I am grateful for my hon. Friend's intervention, as I too received a letter from Richard Heller, which sets out his views and the experience of his wife, who was in the probation service and who sadly died a few weeks ago. It was a powerful and moving letter, which sums up this case. The ethos must be co-operation and service to the offender, not the profit motive and value for money. Value to society is the ethos, not value for money; the two are not the same. Yet on the basis of that untested, unproven assertion, the 42 local area boards will be abolished. Quite apart from the fact that they will shortly abolish themselves as areas, because of the reorganisation of the police service, which will be completed, one hopes, in two years—another restless change process—new areas will be required for those that presently work for probation.

The area boards will be abolished and replaced by regional business managers, who will invite bids to provide the service from new bodies and contributors; outside organisations. They could be anything; prison companies, charities or cattle prod manufacturers, which also produce tagging devices. The very slogan, "Correction companies" brings to mind sadomasochism of all kinds. One does not know what the organisations will be. Yet, untried organisations will be brought in to replace what is now an effective, well functioning service. They will all be able to bid for contracts to run the service for profit, in local units.
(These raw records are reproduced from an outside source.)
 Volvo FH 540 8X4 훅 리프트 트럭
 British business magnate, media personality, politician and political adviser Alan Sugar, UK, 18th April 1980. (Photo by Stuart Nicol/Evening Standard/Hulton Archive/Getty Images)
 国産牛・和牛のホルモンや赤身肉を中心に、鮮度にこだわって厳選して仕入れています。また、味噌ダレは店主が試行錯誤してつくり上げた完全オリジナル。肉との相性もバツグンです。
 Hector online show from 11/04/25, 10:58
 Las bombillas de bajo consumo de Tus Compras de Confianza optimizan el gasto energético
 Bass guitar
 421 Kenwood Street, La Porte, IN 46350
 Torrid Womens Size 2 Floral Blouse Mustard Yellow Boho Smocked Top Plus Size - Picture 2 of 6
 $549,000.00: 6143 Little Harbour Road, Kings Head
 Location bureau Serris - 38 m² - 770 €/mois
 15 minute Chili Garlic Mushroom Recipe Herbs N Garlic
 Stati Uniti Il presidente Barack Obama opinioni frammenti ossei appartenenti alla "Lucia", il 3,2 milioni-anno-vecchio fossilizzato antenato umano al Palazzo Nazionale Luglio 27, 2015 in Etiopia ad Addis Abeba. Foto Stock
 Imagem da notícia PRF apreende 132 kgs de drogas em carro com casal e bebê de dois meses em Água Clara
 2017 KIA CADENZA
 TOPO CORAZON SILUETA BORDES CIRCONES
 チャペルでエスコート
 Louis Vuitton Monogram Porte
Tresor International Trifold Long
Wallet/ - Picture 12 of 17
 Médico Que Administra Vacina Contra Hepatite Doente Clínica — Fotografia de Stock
What is wrong with that can be fairly readily summed up; it is an attempt to create an artificial market in probation services, which should not be a market at all. This is a judicial function, a service for the courts and offenders, not a means of profit. What is wrong with the proposal? Probation is part of the judicial system. It is an agency of justice, not an agency of commerce. To make it an agency of commerce must undermine trust and undermine its integrity. Judge Judge—"Here come da judge, judge"—has pointed out the unsuitability of bringing commerce into this function. It will not only undermine trust but produce obvious conflicts of interest.

One pictures the scene. A probation officer appears in court to make his recommendations. He recommends that the offender be committed to lag's hall, which is run by his group, group 69, to provide correctional services, and he offers the court a DVD presentation of its charms and attractions. It will be exciting stuff; visual displays of the sort of place to which the offender will be sent.

Perhaps the probation officer could recommend tagging; his company McTag-it, which is based in Scotland and can produce red tags that are approved by the Office of the Deputy Prime Minister, can be worn with any clothing, and will keep the offender under effective supervision.

Perhaps, on the other hand, the probation officer could recommend community service and say that, just by coincidence, his company, Charitable Drains R Us, provides useful work digging drains for churches, public toilets and other places in which offenders can usefully be employed.